HL Deb 28 February 1989 vol 504 cc940-4

3.4 p.m.

Lord Dormand of Easington asked Her Majesty's Government:

How many city technology colleges have been established, and how many it is intended to establish.

Viscount Davidson

My Lords, the city technology colleges programme continues to make excellent progress. Kingshurst CTC opened last year and two more, at Teesside and Nottingham, will open in September this year. CTCs in Bradford and Gateshead and a city college for the technology of the arts in north Croydon are planned to open in September 1990. Further announcements will be made soon.

Lord Dormand of Easington

My Lords, perhaps I may request the Minister to answer the first part of my Question. How many city technology colleges do the Government intend to establish? Will he concede that there is no possibility of the Government achieving the number stated many times by the Secretary of State—at least 20—by next year which was the original intention?

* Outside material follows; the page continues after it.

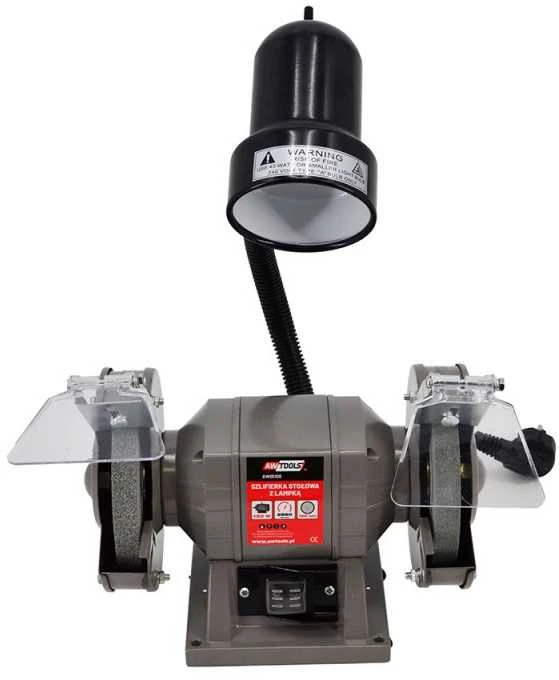 AW-Tools AWTOOLS šlifuoklis STOŁOWA 150mm / 300W Z LAMPKĄ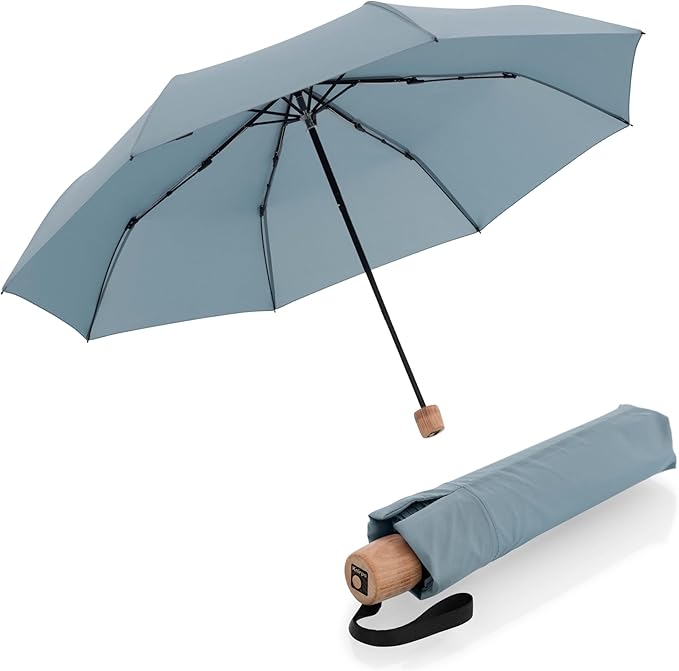 Knirps TIMBER Portable Umbrella, 38" Travel Size Small Purse Umbrellas for Rain Wet Weather Gear for Adults, Water Resistant Cover Manual German Beech Wood Handle & Heavy Duty Windproof Frame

Will the noble Viscount also agree that the main reason for lack of success is the failure of the Government to attract private funding which is the whole concept of CTCs? As a result, huge sums of taxpayers' money are now involved.

Viscount Davidson

My Lords, I confirm that my right honourable friend the Secretary of State announced the CTC programme in October 1986. The programme aims to establish 20 independent schools in urban areas offering a free education with a technological bias to 11 to 18 year-olds of all abilities. So far as concerns the timing, that is a matter for negotiation between the private sector, the LEAs and the Government.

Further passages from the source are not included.